Return all of the following entries as written, but without the images.
# # #
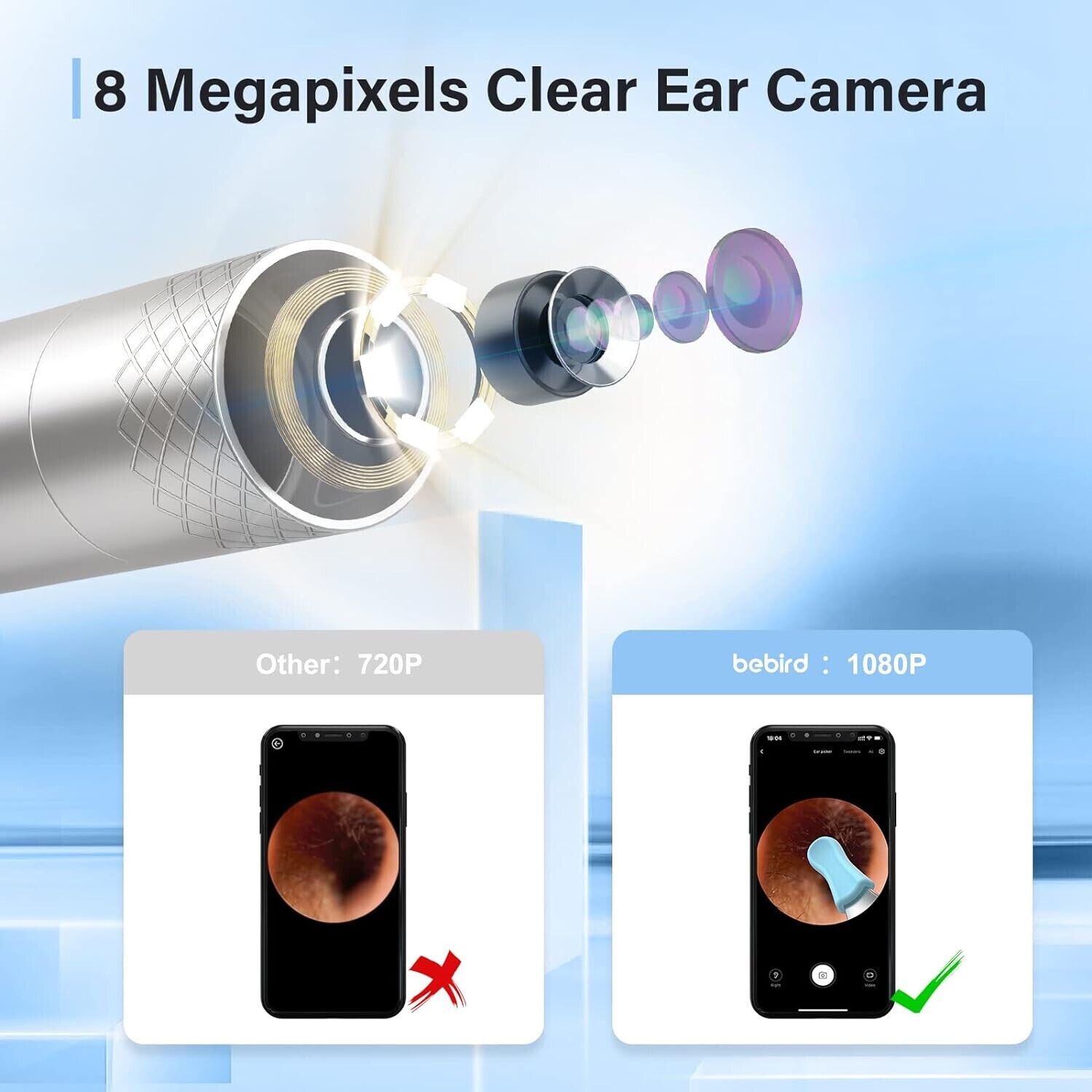 BEBIRD X17 Pro Camera Endoscope Professional Visual Ear Cleaner Ear Wax Removal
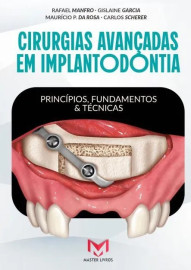 Cirurgias Avan�adas Em Implantodontia - Princ�pios, Fundamentos E T�cnicas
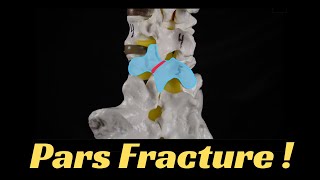 What is a pars fracture Everything you need to know [upl. by Gavriella599]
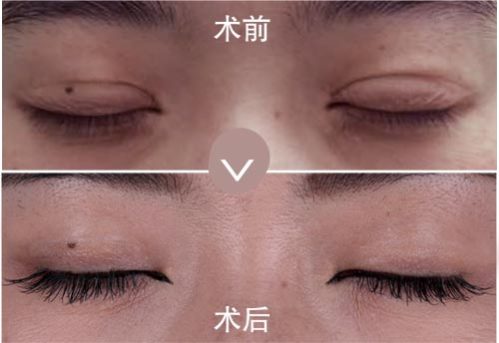 愛德麗格劉志剛小講堂（六）：雙眼皮閉眼有疤，怎么破？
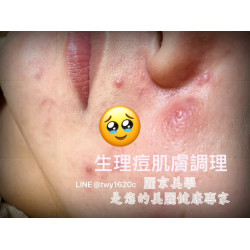 生理期一到就冒痘痘?女生常見的肌膚困擾 生理期一到就冒痘痘?女生常見的肌膚困擾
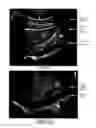 Fig. 03 - Ultrasound focal zone system and method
# # #
RESPONSE
 BEBIRD X17 Pro Camera Endoscope Professional Visual Ear Cleaner Ear Wax Removal
 Cirurgias Avan�adas Em Implantodontia - Princ�pios, Fundamentos E T�cnicas
 What is a pars fracture Everything you need to know [upl. by Gavriella599]
 愛德麗格劉志剛小講堂（六）：雙眼皮閉眼有疤，怎么破？
 生理期一到就冒痘痘?女生常見的肌膚困擾 生理期一到就冒痘痘?女生常見的肌膚困擾
 Fig. 03 - Ultrasound focal zone system and method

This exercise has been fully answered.